Major manufacturers are migrating to digital en masse. Apart from the difficulty of sourcing critical components in the needed quantities for worldwide large-scale distribution, there is the matter of the ease and low cost with which pedals can be produced using surface-mount components and wave soldering, as well as the space aspect, consistency of product (all copies of a given COSM pedal sound the same, analog through-hole not so much), and something which Behringer has made abundantly clear in recent years: the number of features you can provide per dollar to the end-user. Through-hole analog demands many more components for any additional features, where digtal can pack many more features in with little or no additional parts. The FZ-5 is actually an excellent example of that. It would take a lot more "stuff", and introduce more quality control issues, to be able to stuff three different fuzzes into that same box.

Finally, as a great many boutique manufacturers have learned the hard way, if people can see what you used and how its connected, then they don't need _your_ pedal. Having how and what the pedal does in invisible firmware makes pedals virtually clone-proof, increasing their shelf-life as viable products. In many cases, as well, manufacturers can stick with a basic "platform" and create many duifferent pedals from it. EHX does that with many of theirs, and so does Line 6.


----------



## k tone (Oct 7, 2008)

All very good points and I know what you are saying. All I am saying is that I think that MXR/ Maxon/ Ibanez etc have done well for themselves with some of their classic reissues and that Boss has enough of a back catalog to do the same. If you look at threads full of expensive pedalboards full of boutique effects you usually see a discontinued Boss or 2 on there. Very rare that you see an FZ-5 on any board because they sound like $hit compared to my FZ-2 or the FZ-3 which are all analog (and they have had bands record entire albums using these effects).

FZ-2 for the Stoner crowd
RV-3 for the Shoegaze people
DM-2's for everyone!!!

I know they cater to the Metal Zone playing 14 year old and that Roland eclipses all of Boss in sales. I would just like to see it for my own selfish reasons and I think it would make a splash on boards such as these. When is the last time anyone got excited about a new Boss pedal release?
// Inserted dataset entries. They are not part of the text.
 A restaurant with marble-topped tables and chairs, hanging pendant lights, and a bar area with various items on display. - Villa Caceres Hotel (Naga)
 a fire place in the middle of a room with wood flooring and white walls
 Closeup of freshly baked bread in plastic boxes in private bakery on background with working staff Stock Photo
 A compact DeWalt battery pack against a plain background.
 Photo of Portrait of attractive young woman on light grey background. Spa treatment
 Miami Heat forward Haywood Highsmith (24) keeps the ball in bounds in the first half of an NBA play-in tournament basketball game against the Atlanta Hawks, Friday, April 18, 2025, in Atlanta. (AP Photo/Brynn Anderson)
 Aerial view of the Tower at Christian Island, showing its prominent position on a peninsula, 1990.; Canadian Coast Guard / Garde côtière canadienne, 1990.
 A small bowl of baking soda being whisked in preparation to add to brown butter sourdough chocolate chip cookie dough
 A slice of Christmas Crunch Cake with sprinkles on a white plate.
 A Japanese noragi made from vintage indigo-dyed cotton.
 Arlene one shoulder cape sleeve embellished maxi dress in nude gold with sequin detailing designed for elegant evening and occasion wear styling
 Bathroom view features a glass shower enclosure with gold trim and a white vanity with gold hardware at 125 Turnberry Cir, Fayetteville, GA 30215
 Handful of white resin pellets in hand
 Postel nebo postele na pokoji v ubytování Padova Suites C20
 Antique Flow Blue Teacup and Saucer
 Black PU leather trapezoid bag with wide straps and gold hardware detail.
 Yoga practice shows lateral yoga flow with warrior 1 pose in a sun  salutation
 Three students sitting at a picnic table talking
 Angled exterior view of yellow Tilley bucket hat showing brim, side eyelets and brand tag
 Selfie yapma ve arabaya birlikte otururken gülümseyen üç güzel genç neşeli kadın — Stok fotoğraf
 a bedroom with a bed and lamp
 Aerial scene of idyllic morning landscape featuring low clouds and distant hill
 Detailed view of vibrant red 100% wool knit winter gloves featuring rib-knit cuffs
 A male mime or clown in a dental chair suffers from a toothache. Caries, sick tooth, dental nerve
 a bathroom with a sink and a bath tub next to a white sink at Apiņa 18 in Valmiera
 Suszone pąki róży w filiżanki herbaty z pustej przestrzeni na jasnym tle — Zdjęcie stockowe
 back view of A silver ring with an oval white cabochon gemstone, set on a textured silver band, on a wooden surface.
PS. I do not really care for the boutique thing at all. I have seen attrocious builds in some and have had noise/ grounding issues with others as well. Plus if you buy online they are a pain in the a$$ to return/ get serviced. Almost all of my pedals are off the shelf from major manufacturers.


----------



## mhammer (Nov 30, 2007)

Well, with Behringer cloning their (Boss) entire back-catalog (as well as many Line 6, MXR, and EHX pedals), I don't think that's about to happen.


----------



## hollowbody (Jan 15, 2008)

k tone said:


> PS. I do not really care for the boutique thing at all. I have seen attrocious builds in some and have had noise/ grounding issues with others as well. Plus if you buy online they are a pain in the a$$ to return/ get serviced. Almost all of my pedals are off the shelf from major manufacturers.


Not to go off topic here too much, but I recently had Z.Vex service my SHO after I had messed it up quite good trying to installed an LED and 3PDT switch. I told them what I had done, and they took my pedal, fixed it, did the mods I wanted and returned it to me all during the holiday season with very little turnaround and only charged me for shipping. I can't see Roland doing the same.


----------



## k tone (Oct 7, 2008)

hollowbody said:


> Not to go off topic here too much, but I recently had Z.Vex service my SHO after I had messed it up quite good trying to installed an LED and 3PDT switch. I told them what I had done, and they took my pedal, fixed it, did the mods I wanted and returned it to me all during the holiday season with very little turnaround and only charged me for shipping. I can't see Roland doing the same.


Last Boss I shipped out was a DS-1 with a switch problem. They replaced it and and all it cost was shipping to Roland Canada in Vancouver. They wanted to courier it for $20 and when I said I could buy a used one for that they did it via Canda Post general for $9. It was still within the 5 year warranty though. 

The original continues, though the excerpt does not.